Jacobi coordinates for two-body problem; Jacobi coordinates are $\boldsymbol{R}=\frac {m_1}{M} \boldsymbol{x}_1 + \frac {m_2}{M} \boldsymbol{x}_2$ and $\boldsymbol{r} = \boldsymbol{x}_1 - \boldsymbol{x}_2$ with $M = m_1+m_2$.

A possible set of Jacobi coordinates for four-body problem; the Jacobi coordinates are r_{1}, r_{2}, r_{3} and the center of mass R. See Cornille.

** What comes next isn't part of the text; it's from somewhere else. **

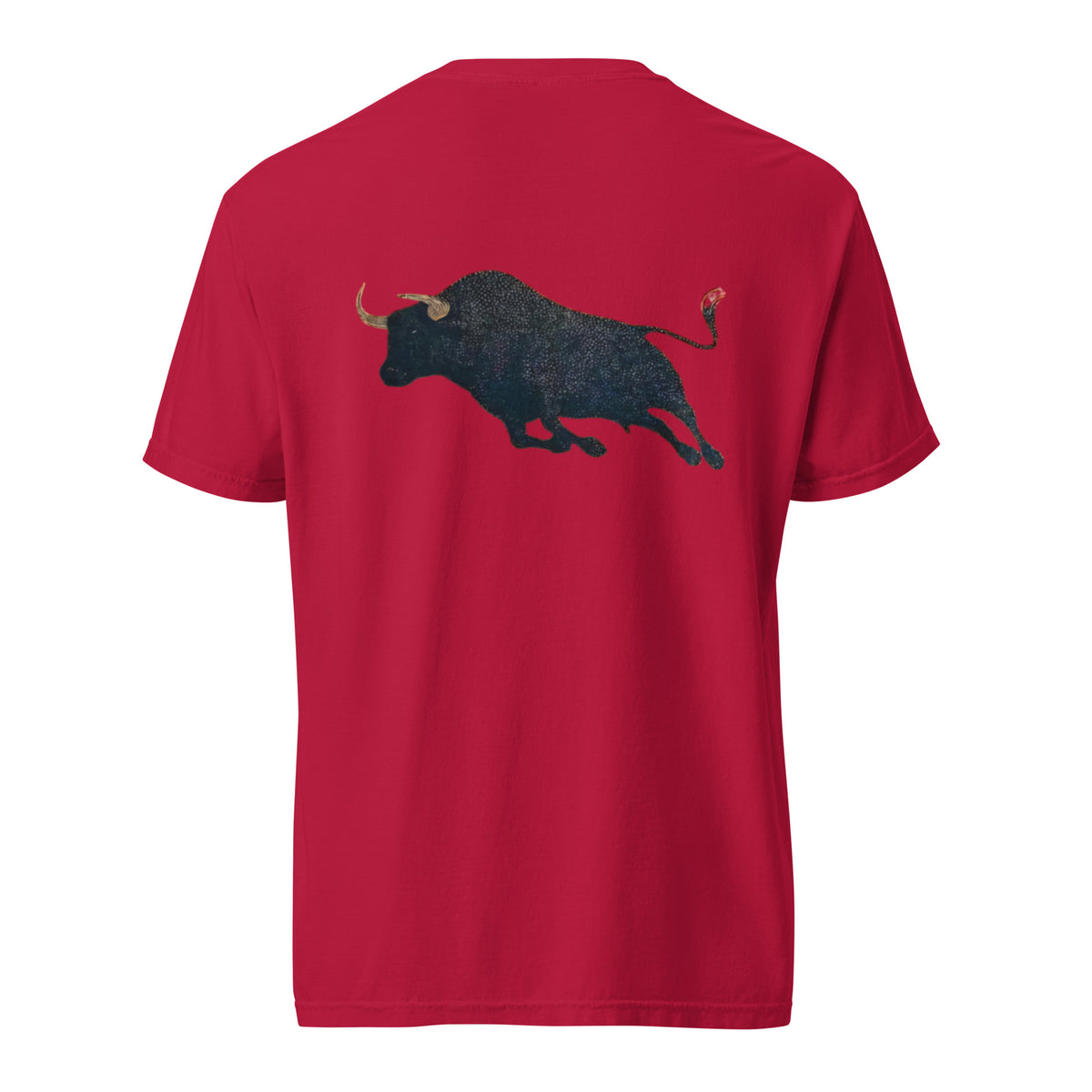 Lucky Lindy's Bull Fight garment-dyed heavyweight tee in Red (back)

In the theory of many-particle systems, Jacobi coordinates often are used to simplify the mathematical formulation. These coordinates are particularly common in treating polyatomic molecules and chemical reactions, and in celestial mechanics. An algorithm for generating the Jacobi coordinates for N bodies may be based upon binary trees. In words, the algorithm may be described as follows:
We choose two of the N bodies with position coordinates x_{j} and x_{k} and we replace them with one virtual body at their centre of mass. We define the relative position coordinate r_{jk} = x_{j} − x_{k}.

We then repeat the process with the N − 1 bodies consisting of the other N − 2 plus the new virtual body. After N − 1 such steps we will have Jacobi coordinates consisting of the relative positions and one coordinate giving the position of the last defined centre of mass.

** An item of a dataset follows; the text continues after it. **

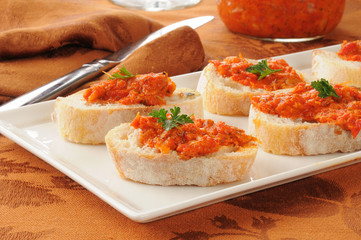 Bruschetta on Italian toast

For the N-body problem the result is:
$\boldsymbol{r}_j= \frac{1}{m_{0j}} \sum_{k=1}^j m_k\boldsymbol {x}_k \ - \ \boldsymbol{x}_{j+1}\ , \quad j \in \{1, 2, \dots, N-1\}$
$\boldsymbol{r}_N= \frac{1}{m_{0N}} \sum_{k=1}^N m_k\boldsymbol {x}_k \ ,$

with

$m_{0j} = \sum_{k=1}^j \ m_k \ .$

The vector $\boldsymbol{r}_N$ is the center of mass of all the bodies and $\boldsymbol{r}_1$ is the relative coordinate between the particles 1 and 2:

The result one is left with is thus a system of N-1 translationally invariant coordinates $\boldsymbol{r}_1, \dots, \boldsymbol{r}_{N-1}$ and a center of mass coordinate $\boldsymbol{r}_N$, from iteratively reducing two-body systems within the many-body system.

This change of coordinates has associated Jacobian equal to $1$.

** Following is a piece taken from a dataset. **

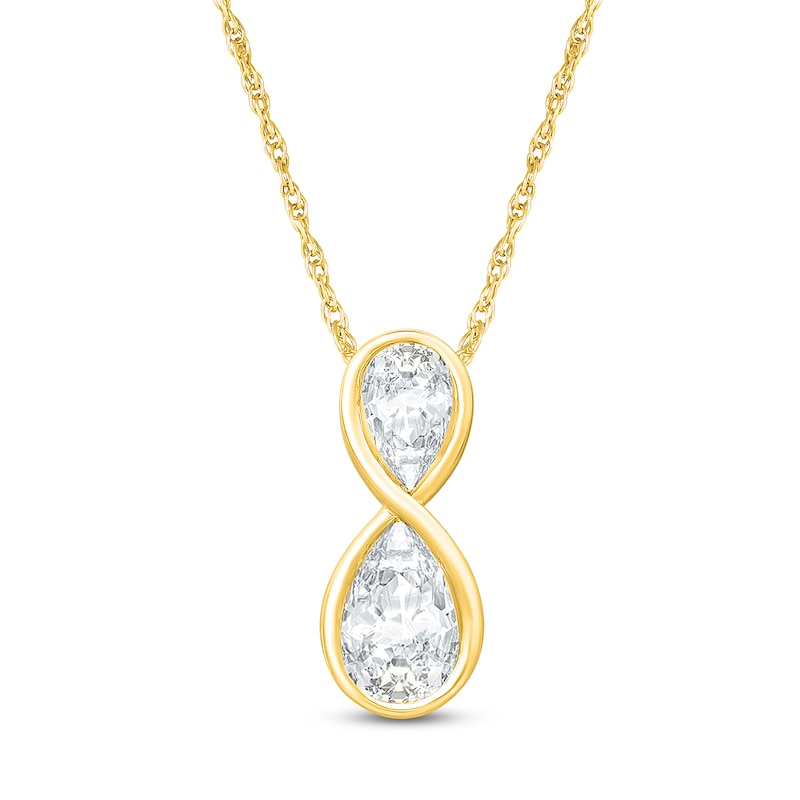 Main Image 1 of Jared Signature Bezel Collection Pear-Shaped Lab-Grown Diamond Infinity Necklace 3/4 ct tw 14K Yellow Gold 18"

If one is interested in evaluating a free energy operator in these coordinates, one obtains
$H_0=-\sum_{j=1}^N\frac{\hbar^2}{2 m_j}\, \nabla^2_{\boldsymbol{x}_j} = -\frac{\hbar^2}{2 m_{0N}}\,\nabla^2_{\boldsymbol{r}_{N}}\!-\frac{\hbar^2}{2}\sum_{j=1}^{N-1}\!\left(\frac{1}{m_{j+1}}+\frac{1}{m_{0j}}\right)\nabla^2_{\boldsymbol{r}_j}$
In the calculations can be useful the following identity

$\sum_{k=j+1}^N \frac{m_k}{m_{0k}m_{0k-1}}=\frac{1}{m_{0j}}-\frac{1}{m_{0N}}$.